### What the exercise asks
As you print the data below, keep every line exactly as it is and leave the images behind.

++++++++++

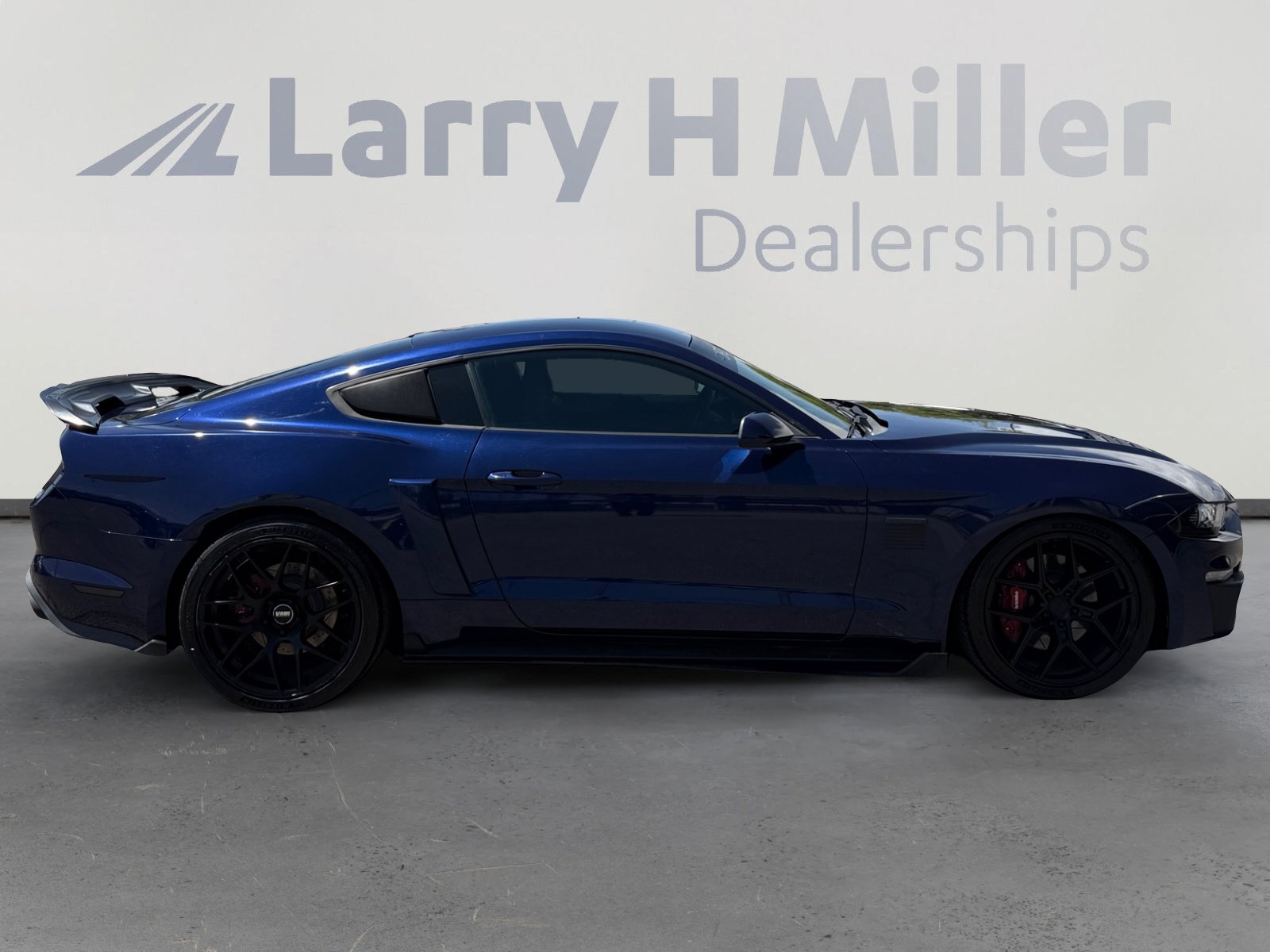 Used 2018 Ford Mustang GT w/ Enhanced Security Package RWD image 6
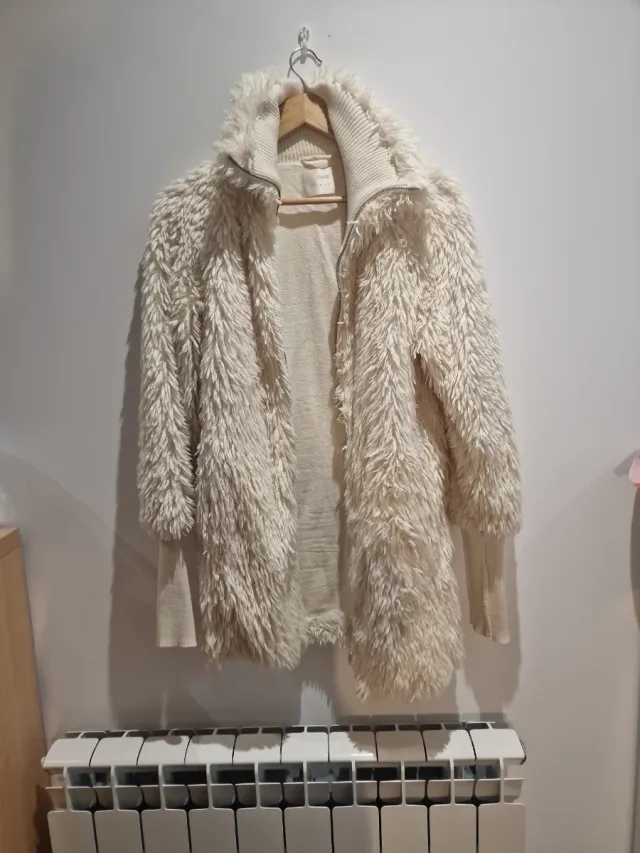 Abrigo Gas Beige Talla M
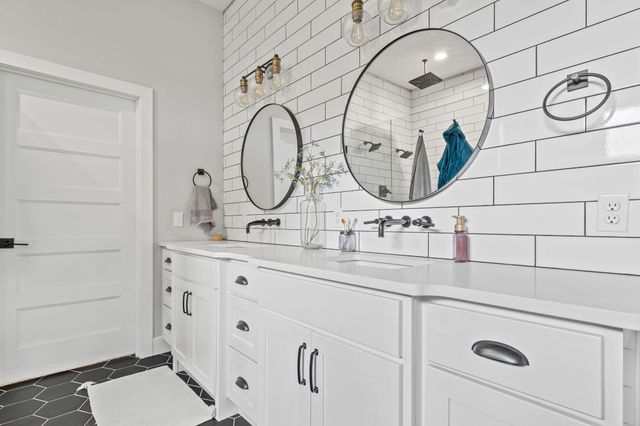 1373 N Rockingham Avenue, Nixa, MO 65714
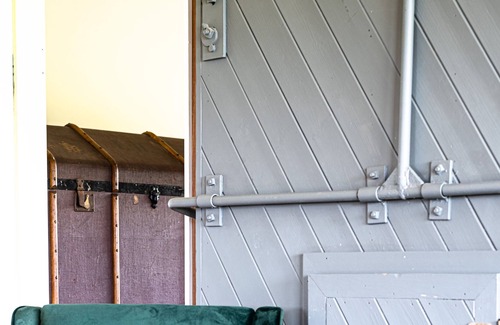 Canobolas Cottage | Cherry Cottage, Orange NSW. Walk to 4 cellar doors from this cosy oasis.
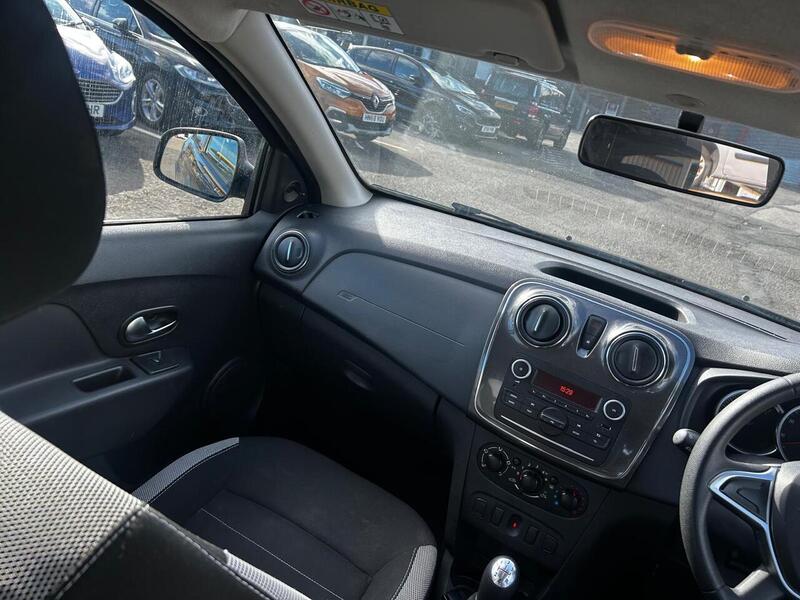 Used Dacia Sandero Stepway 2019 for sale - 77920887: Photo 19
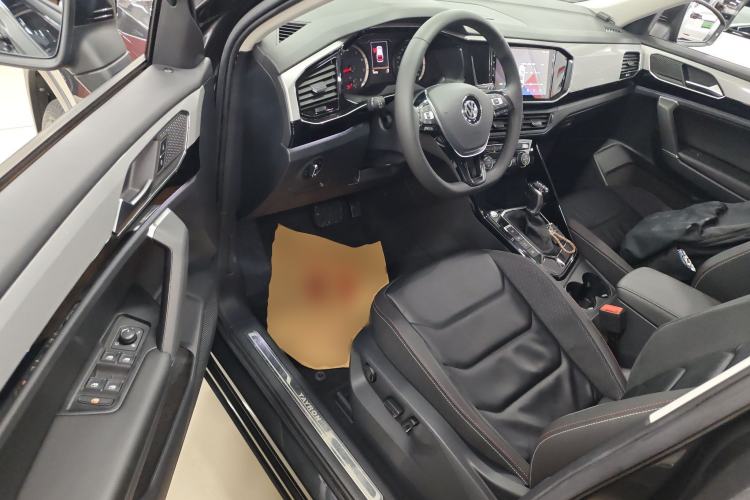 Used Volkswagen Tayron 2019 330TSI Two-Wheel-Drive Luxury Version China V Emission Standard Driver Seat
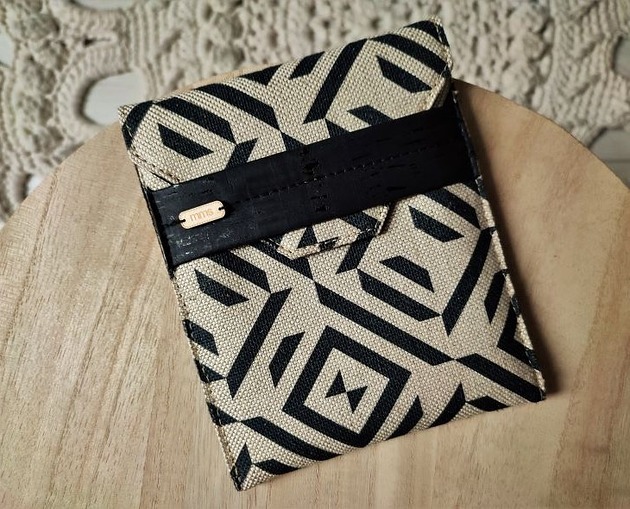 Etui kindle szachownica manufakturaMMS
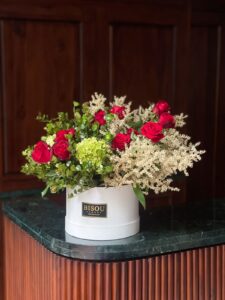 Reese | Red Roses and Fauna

++++++++++

### Output
 Used 2018 Ford Mustang GT w/ Enhanced Security Package RWD image 6
 Abrigo Gas Beige Talla M
 1373 N Rockingham Avenue, Nixa, MO 65714
 Canobolas Cottage | Cherry Cottage, Orange NSW. Walk to 4 cellar doors from this cosy oasis.
 Used Dacia Sandero Stepway 2019 for sale - 77920887: Photo 19
 Used Volkswagen Tayron 2019 330TSI Two-Wheel-Drive Luxury Version China V Emission Standard Driver Seat
 Etui kindle szachownica manufakturaMMS
 Reese | Red Roses and Fauna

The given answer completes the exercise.